Mit ansteckender Begeisterung gab Fernando 1980 das Startzeichen für den sogenannten „Kreuzzug gegen die
Unwissenheit“. Fast 100.000 Studierende, Lehrer und Professorinnen, Techniker und Akademikerinnen,
Schülerinnen, Schüler und Hausfrauen, gerüstet nur mit Stift und Papier, zogen in die Berge und ans Meer, in
die Dörfer und Städte, um zum Teil in drei Schichten am Tag Jung und Alt zu unterrichten. Gemeinsam senkten
sie innerhalb von zwei Jahren die Analphabetenquote von 65 auf 12 Prozent und errangen Nicaragua eine
Anerkennung ohne gleichen seitens der UNESCO. Auf der ganzen Welt begeisterte der AlphabetisierungsKreuzzug, auch in Deutschland. Die CIR verkaufte zur Unterstützung Bleistifte mit dem Aufdruck „Die Hoffnung
buchstabieren lernen“.
Fernando Cardenal wurde Erziehungsminister und kurz darauf von Papst Johannes Paul II vor die Wahl gestellt
„Priester oder politischer Amtsträger!“ Eine Entscheidung, „wie zwischen zwei Lieben“, sagte Fernando einmal.

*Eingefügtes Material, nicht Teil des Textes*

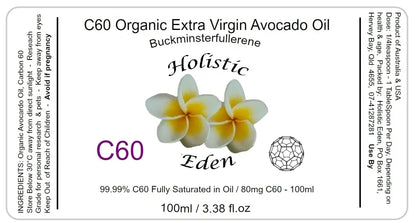 99.99% SUBLIMED C60 Avocado Oil Carbon 60 Fullerene Saturated Organic Cold Pressed Oil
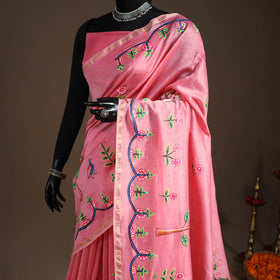 Pink - chanderi silk handpainted pichwai saree 01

Am Ende entschied er sich für den Ort, von dem er glaubte, den Armen in jenem Moment besser dienen zu
können. Dann verlor die sandinistische Regierung 1990 die Wahlen und Fernando Cardenal sein Amt, wurde
dafür aber wieder bei den Jesuiten aufgenommen.
Bis heute wissen wir nicht genau, warum, aber eines Abends 1990 rief Fernandos Sekretärin bei der CIR an und
fragte, ob wir uns vorstellen könnten, eine Deutschlandtour auf der Suche nach finanzieller Unterstützung für
ein Nicaraguanisches Institut für Volksbildung mit Fernando zu organisieren. Natürlich konnten wir es uns
vorstellen und es entstand eine lebenslange Freundschaft zwischen Fernando Cardenal und der CIR. Fernando,
der weltoffene Jesuit, nahm nicht nur unsere Einladungen zur 10-Jahres-Feier der CIR und zum Evangelischen
Kirchentag in München 1993 an. Viel bedeutender waren für uns die politischen, philosophischen und
theologischen Einschätzungen und Sichtweisen auf sein Land – eine wichtige Facette für die fortlaufende
Aktualisierung unserer Landeskenntnis.
Lebe wohl, Gefährte, Freund und Vorbild, unvergesslicher Fernando Cardenal!
Hasta siempre compañero, amigo, ejemplo. ¡Fernando Cardenal presente!